I agree in part. But the problem of the woman who wrote the article LeShawn commented upon had an entirely different situation… one that has been seen before as I pointed out in my post concerning Betty Mahmoody and the hundreds of cases like hers that came out in the open when she married a highly intelligent, Western university educated Iranian… and went to Iran to visit his relatives.
In short, so you don’t have to go back to reference my post again, as soon as he (and the other husbands the hundreds of wives who complained escaped from!)got home, he reverted back to 8th Century misogynists, becoming completely unrecognizable outside the Western setting.

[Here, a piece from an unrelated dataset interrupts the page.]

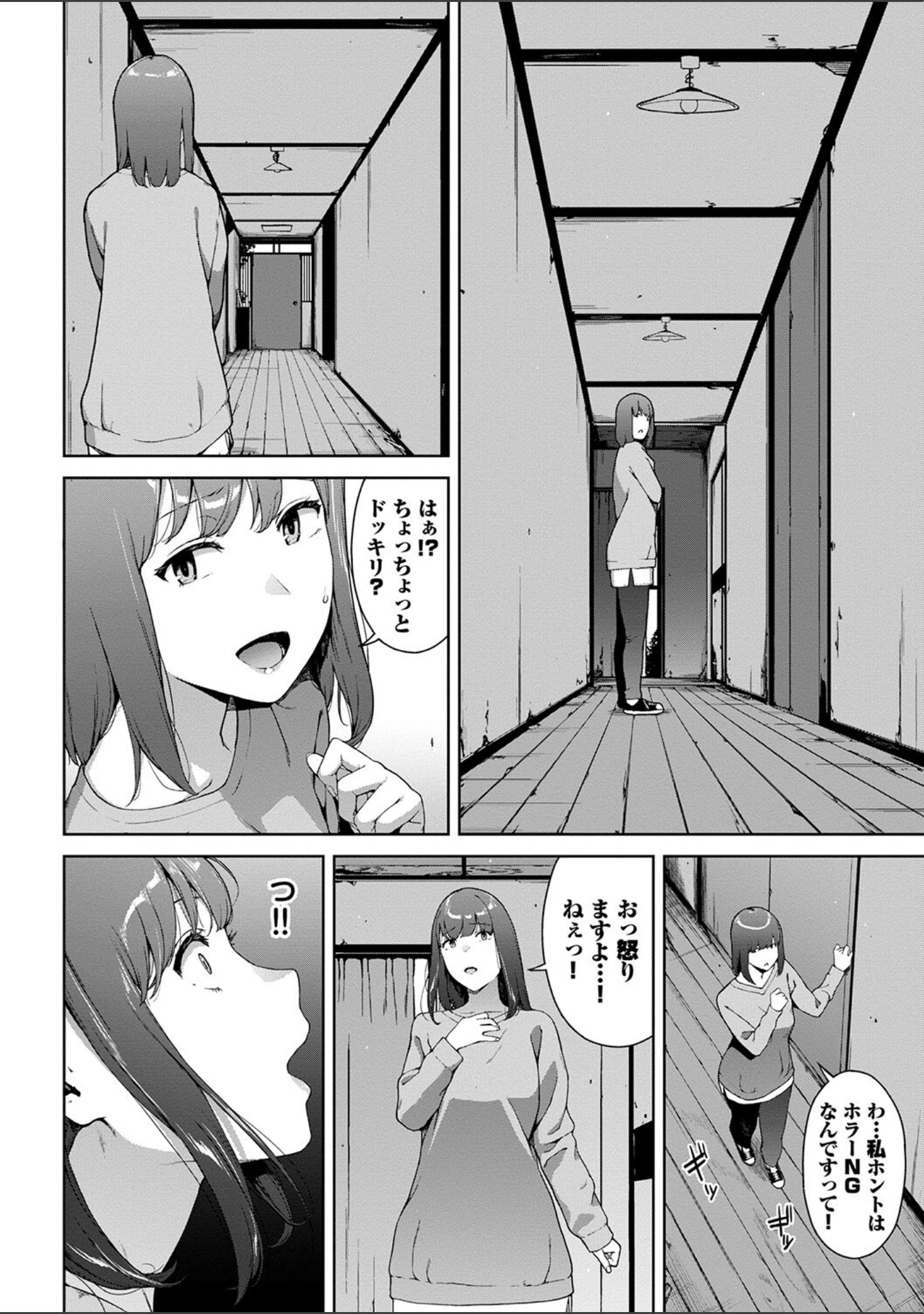 「閲覧シリーズ」（岩崎ユウキ） 試し読み 6ページ目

This appears to be a ROUTINE problem of Western women who marry Muslims who come from a country with a repressive Islamic government. Even if they just VISIT the relatives, as Mahmoody did, their children are “kidnapped” by the local laws. Under Sha’aria, only the father can “own” his children. Women have ZERO rights. This is a very common problem with Western women who marry Saudis.
When children are involved, and the mothers actually have to kidnap the kids to get them out of the country involved, Western child custody courts get involved with their too-frequently multi-culti attitudes, and too often rule to give the father part-time custody… in which case the child gets kidnapped by the local laws all over again… because only the father can “own” the children by Sha’aria law. The decision of the Western child custody court has zero weight in a country under Sha’aria law. Part-time custody is not allowed… period.

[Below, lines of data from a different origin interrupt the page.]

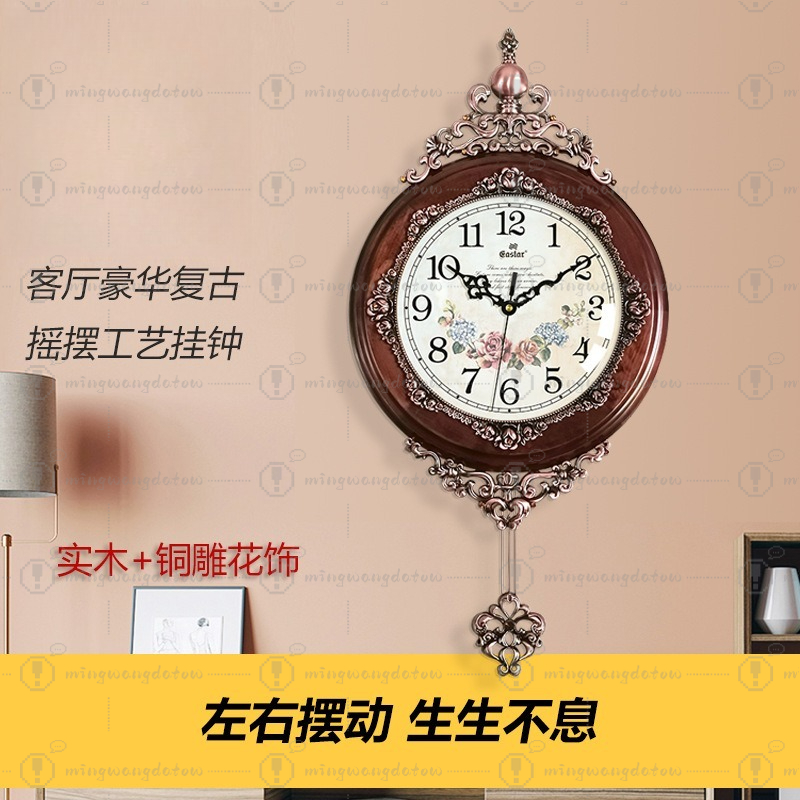 Relógio de Parede Retro Europe - Watches & Jewelry Repair Center Photos avaliação e preço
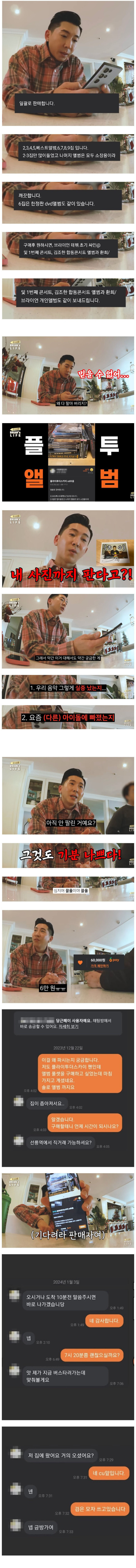 당근마켓에서 자신의 앨범 판매글을 본 브라이언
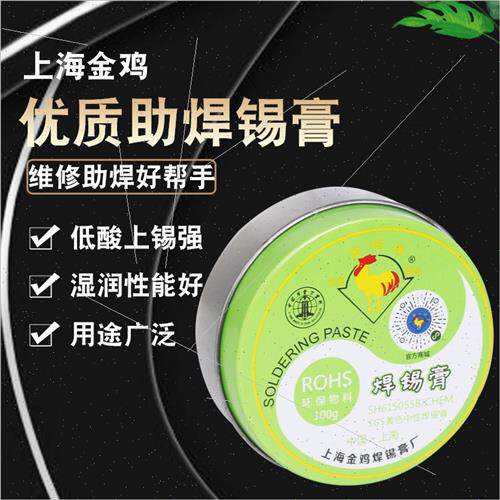 Environmental protection golden chicken solder paste solderi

The primary reason Betty Mahmoody got to keep custody of her daughter was because we had a distinctly hostile relationship with Iran at the time, so the child custody question never came up.
Comment by mamapajamas — 03.08.07 @ 1:27 am
Andrew, thank you for your kind words :). I agree that liberals and conservatives CAN get along if we treat each other with respect.

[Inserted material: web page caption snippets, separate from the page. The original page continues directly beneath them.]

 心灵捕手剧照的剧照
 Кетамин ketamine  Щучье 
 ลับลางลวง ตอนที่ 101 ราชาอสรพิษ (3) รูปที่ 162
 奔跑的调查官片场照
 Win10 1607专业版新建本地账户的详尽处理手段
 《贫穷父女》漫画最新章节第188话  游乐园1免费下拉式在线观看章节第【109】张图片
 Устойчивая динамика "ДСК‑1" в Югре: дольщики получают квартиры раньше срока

In re: “How have we gotten to this place where people are feeling threatened by the wealth of goodness than can be found in religion, and more specifically Christianity? Why are things getting so polarized?”
I’ve been watching this unfold for the past 40 years or so (I’m presently 58). It started with atheists demanding that prayers not be said in school… and winning their case on the basis of the 1st Amendment’s “Congress shall make no law respecting an establishment of religion…”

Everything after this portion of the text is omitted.